▶ Problem: Shown below is a listing with pictures; reproduce exactly, and only, the lines between the ones containing "Private Höhlen und Canyon Tour auf Mallorca" and "Kankay Hotel & Centro de Convenciones", inclusive, leaving the pictures out.

▶ Information supplied:
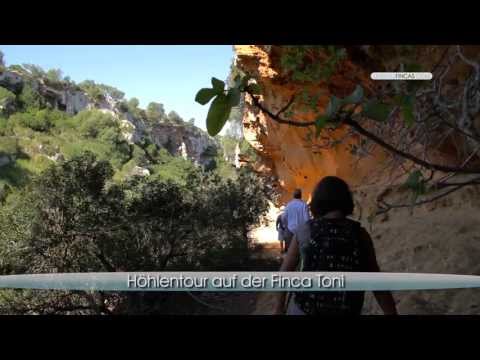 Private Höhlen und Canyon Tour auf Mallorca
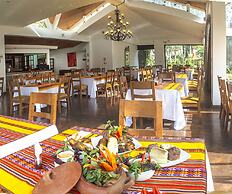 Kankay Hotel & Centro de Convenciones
--
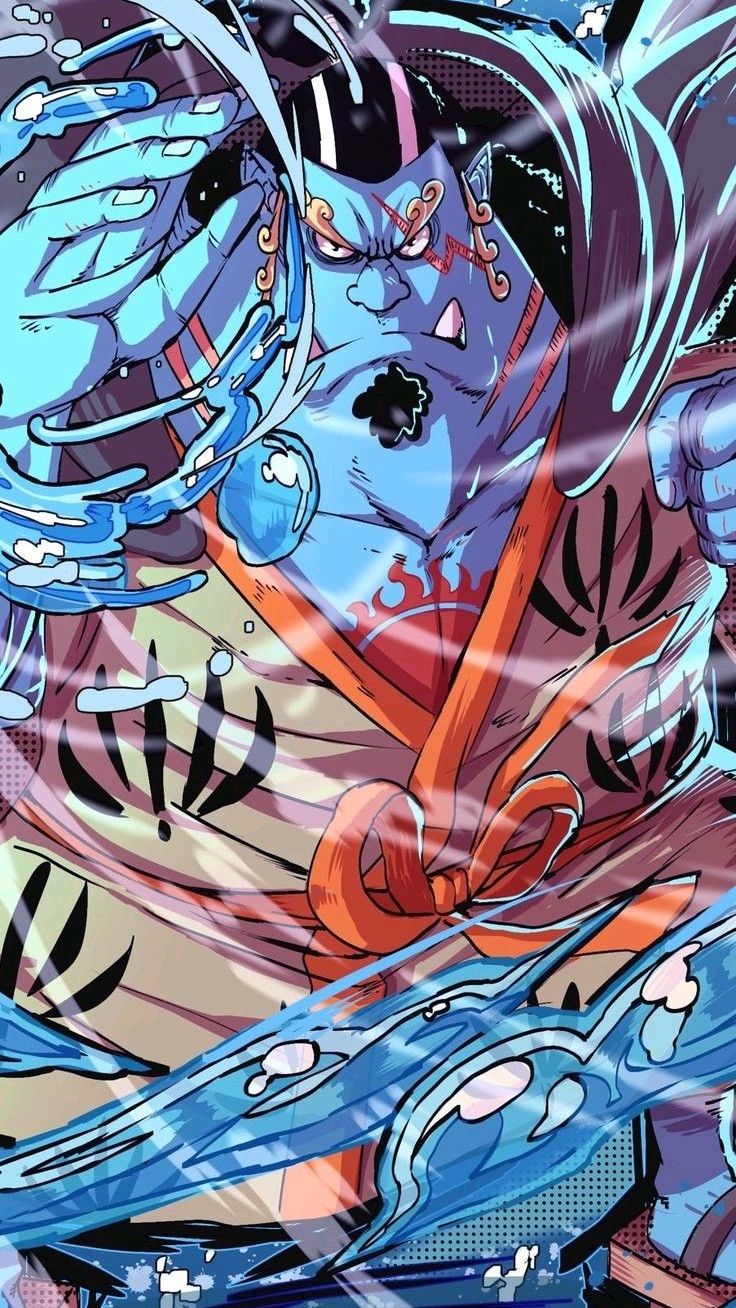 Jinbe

▶ Problem solution:
 Private Höhlen und Canyon Tour auf Mallorca
 Kankay Hotel & Centro de Convenciones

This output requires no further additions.